[SUPPLIED INFORMATION — start]

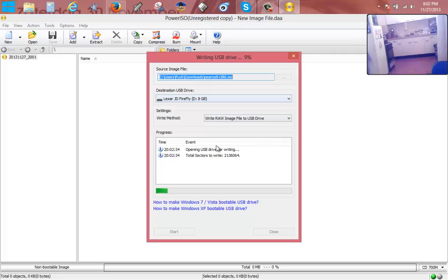So that's how to create a bootable USB stick for Pear Linux.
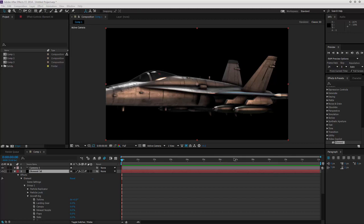Welcome everybody, and today I'll be teaching you how to create a photorealistic jet, something that looks like this. Let's get right into it.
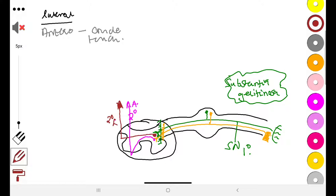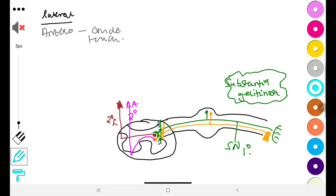It is worth mentioning that there is another tract that arises between these two. It arises and goes up specifically as the spinotectal tract, going to the tectum. The tectum is in the midbrain and is involved in auditory and visual reflexes — just worth noting, though we'll limit ourselves to the two main tracts here.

[SUPPLIED INFORMATION — finish]

Your answer should be the lines above from the one that contains "Welcome everybody, and" through the last, set down exactly, with the pictures removed.

TASK OUTPUT:
Welcome everybody, and today I'll be teaching you how to create a photorealistic jet, something that looks like this. Let's get right into it.
It is worth mentioning that there is another tract that arises between these two. It arises and goes up specifically as the spinotectal tract, going to the tectum. The tectum is in the midbrain and is involved in auditory and visual reflexes — just worth noting, though we'll limit ourselves to the two main tracts here.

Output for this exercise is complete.